We are using Dremio with S3 compatible storage as datasource. Our datasets on Datalake updates(appends/overwrites new files) for every 3hrs. To reflect the new files on Dremio PDS, we are refreshing the metadata with the below query after every write operation to the source.

ALTER PDS <PHYSICAL-DATASET-PATH> REFRESH METADATA

But it is taking around 15mins to refresh the metadata. The data size of dataset is ~100GB.

I am not sure why it is taking more than 15mins just to refresh the metadata. Is it expected or is there any alternative for refresh metadata?

Note: I even tried the Forget metadata and recreate PDS through API. Recreation of PDS took the same time (18mins)

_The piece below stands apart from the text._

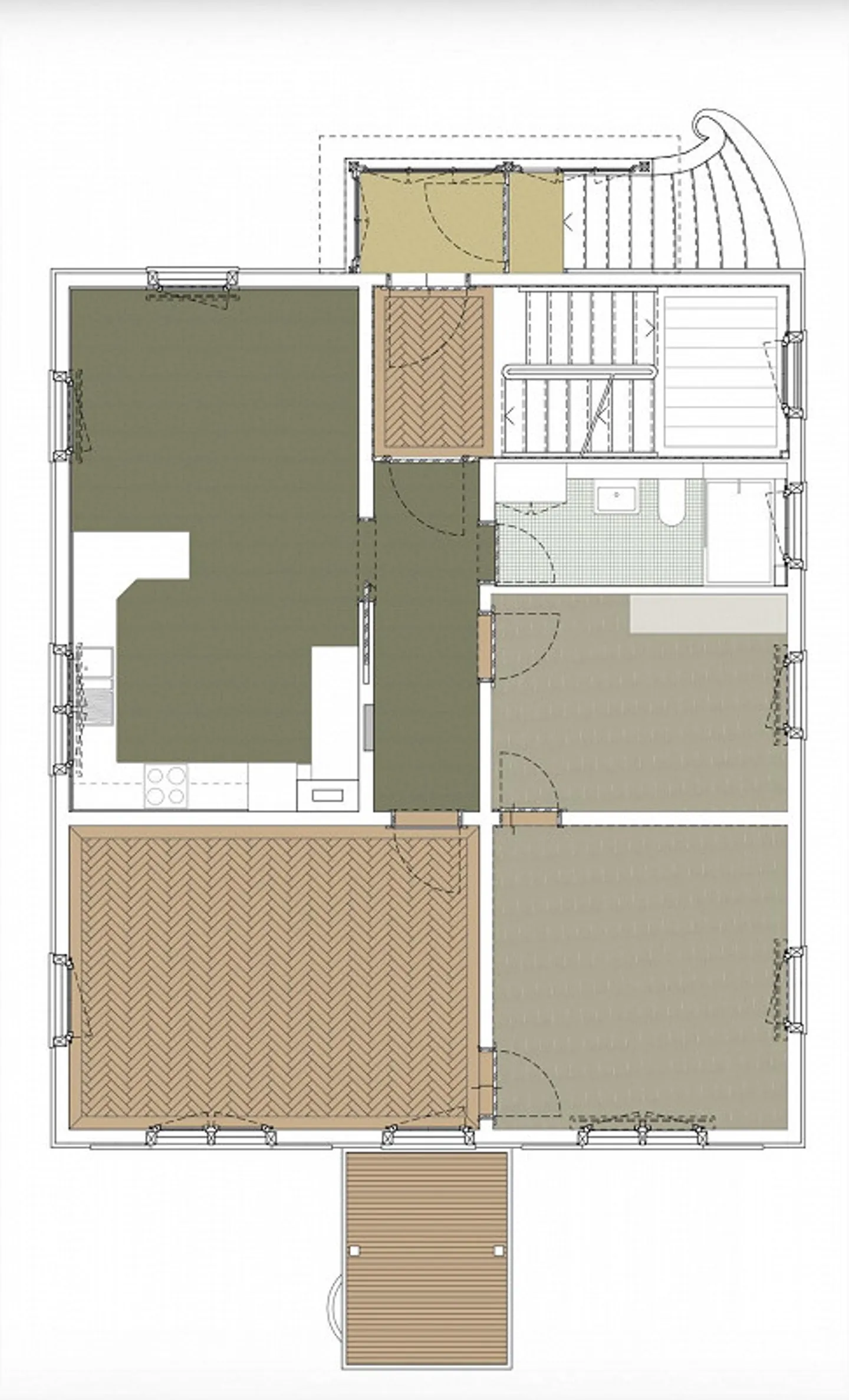 Stilvoll renovierte Wohnung - Foto 5 von 5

Hi, I’m very interested in this too. My team always used an attached disk storage (EBS on AWS) as data source but our goal is to move to S3 as data grow. We have now almost 400 GB of parquet partitioned data and yes, the problem you noticed is one of the biggest problems we are facing and is preventing us to move toward S3 with Dremio. If the data source is the disk, then the metadata refresh takes just a few seconds, but if we use S3 it takes 15 to 20 minutes (same data replicated on S3). Our case is even worse, since the data is updated asynchronously by other processes and can change very quickly. We also want to read the new data after a few minutes and this is not possible giving the metadata refresh delay (and during metadata refresh you should not write/read data…).
Things become weird when you modify or delete a file that already exists… Dremio by default caches locally the data from S3 so you keep getting old data from your query even if the data has been updated or removed, until you run a refresh metadata. You can of course disable the caching but this solves only the updated data case, if you delete a file from the collection you must refresh metadata as soon as possible to be sure that Dremio does not fail with a “NoSuchKeyException” when attempting to read the source object.

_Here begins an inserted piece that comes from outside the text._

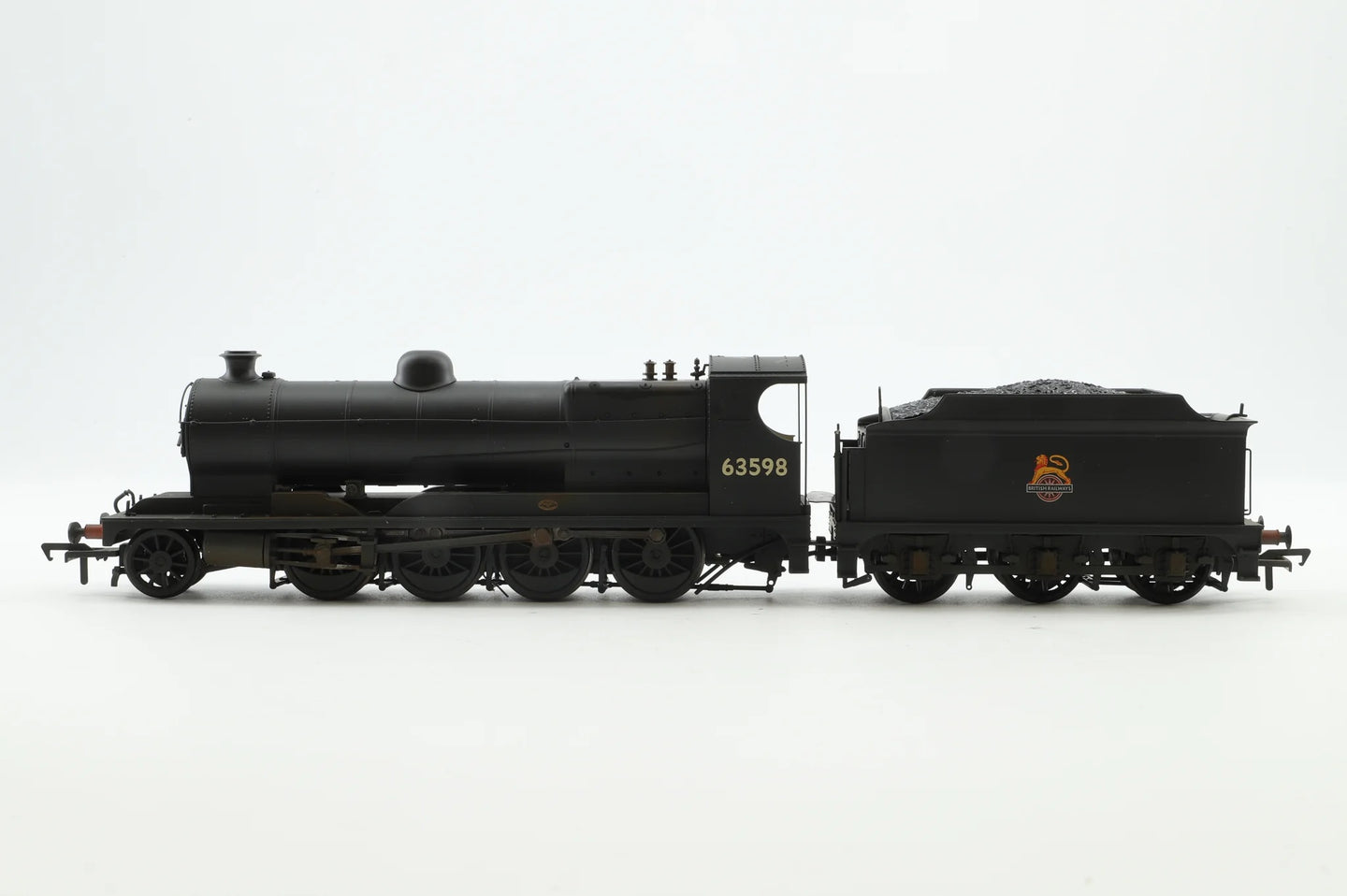Robinson 04 BR Black Early Emblem '63598' Weathered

I think that the functionality that Dremio is really missing is a procedure to tell the metastore what single files in the collection have been updated or removed (please someone tell me if such procedure already exists). I saw this available in other engines like PrestoSQL that we found also more resilient and coherent to data updates not showing the problems listed before (we are reconsidering it right now…). Funny thing is… yesterday I read a Dremio-Presto comparison (edited by Dremio) and Dremio seems indeed faster in many ways, but I wonder if all the caching and the strict metadata handling have a part in defining this performance difference.

2 Likes

@Narendra1154,

What is the S3 compatible source? Is the long metadata refresh only observed for the S3 compatible source?

What version of Dremio are you using?

@Luca,
Same question for you: what version of Dremio are you experiencing the issue with?

@ben This is a problem we have since the first versions (we adopted Dremio a couple year ago). Now I’m testing with the latest community release 4.6.1. Parquet are written with pyarrow (version >=0.14) and are snappy compressed. The same data on disk get metadata refresh in 15 seconds, on S3 it takes about 30 minutes. This is the reason why we are still using EBS as storage, but we must move to S3 soon. Disk storage anyway has another problem: if you modify a parquet inside the PDS you must refresh metadata before querying otherwise Dremio may fail the query with a “magic number” error, the same does not happen on S3 (as stated in my previous post).

@ben,

The S3 source format is parquet, partitioned by a column. We are using an enterprise edition - 4.3.1.

Is there a way, where Dremio PDS can automatically read all the files under folder, say something like <folder_name>/* so that anytime a new file is added, we don’t have to do a refresh.

What we observed is that, on overwriting, if the file names are same, we don’t need to refresh metadata. this is needed only if we have new filenames coming up.
I understand that refresh metadata, also does collect some stats like count etc, which takes more time.
Is there a service, where it just recognizes the newly added files?

@ben
S3 compatible source: IBM CloudObjectStorage
Dremio Version: 4.3.1(Enterprise Edition)

We don’t have other sources. So, I didn’t test with other sources

Time taken for reflection refresh also increases if it is done after executing

ALTER PDS <PHYSICAL-DATASET-PATH> REFRESH METADATA

Any other way to update the metadata without increasing the Reflection refresh time.